_RAW DATA_.
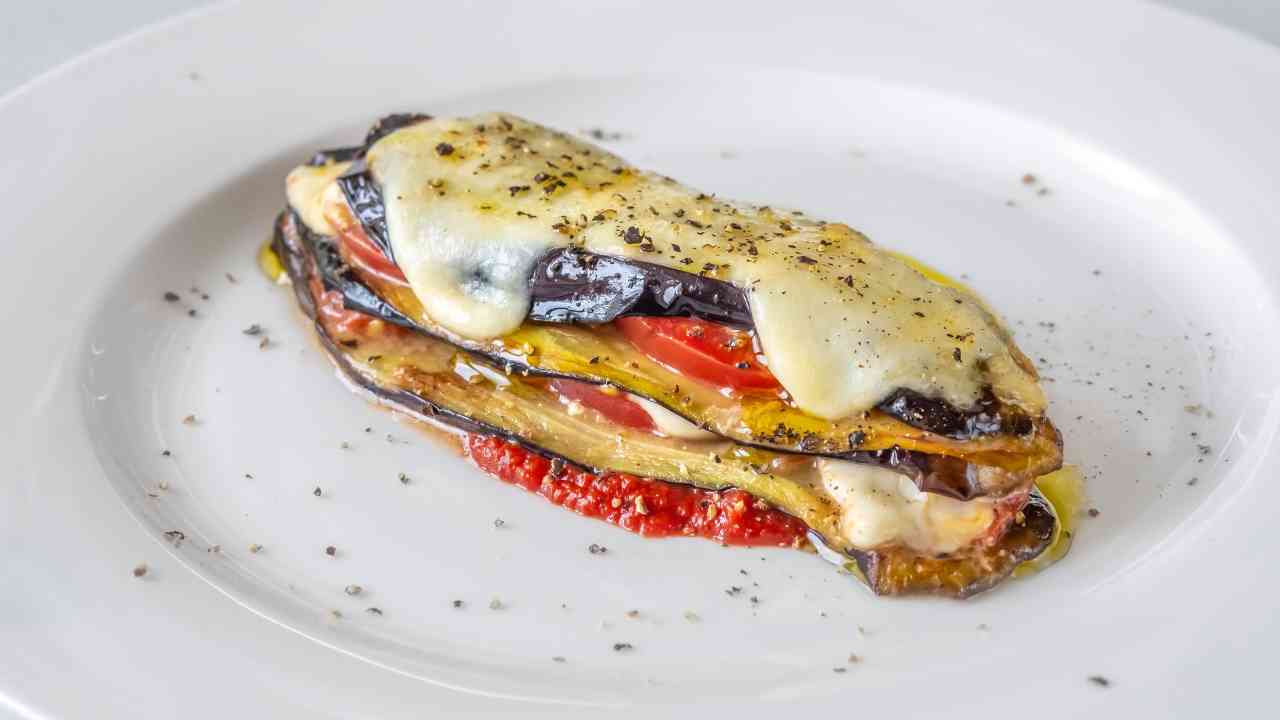 Pizzette di melanzane e scamorza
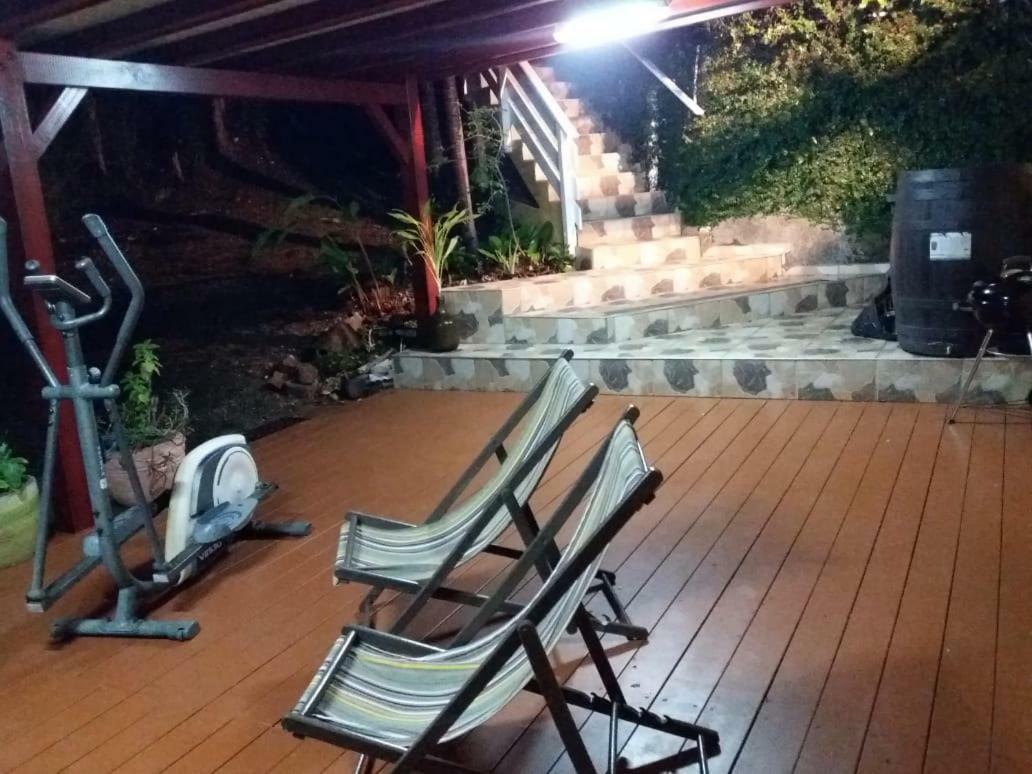 Villa Ponm Kann'L Deshaies Exterior foto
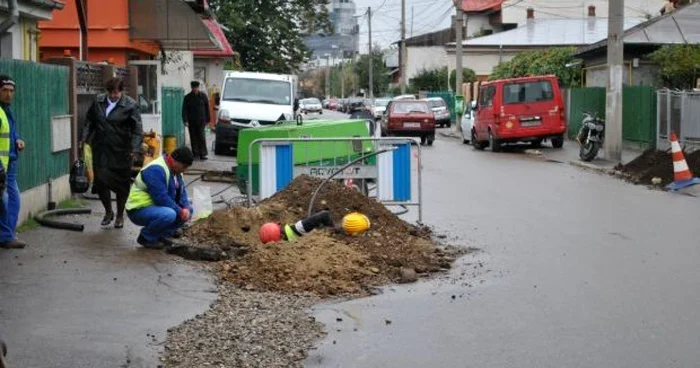 Nu o dată, în urma intervențiilor celor doi operatori, au rămas gropi. Arhivă Adevărul Ploiești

_WORK REQUIRED_. Will you repeat the material above, but only from the line containing "Villa Ponm Kann'L Deshaies Exterior foto" through its last line, exactly and without the pictures?

_ANSWER SECTION_.
 Villa Ponm Kann'L Deshaies Exterior foto
 Nu o dată, în urma intervențiilor celor doi operatori, au rămas gropi. Arhivă Adevărul Ploiești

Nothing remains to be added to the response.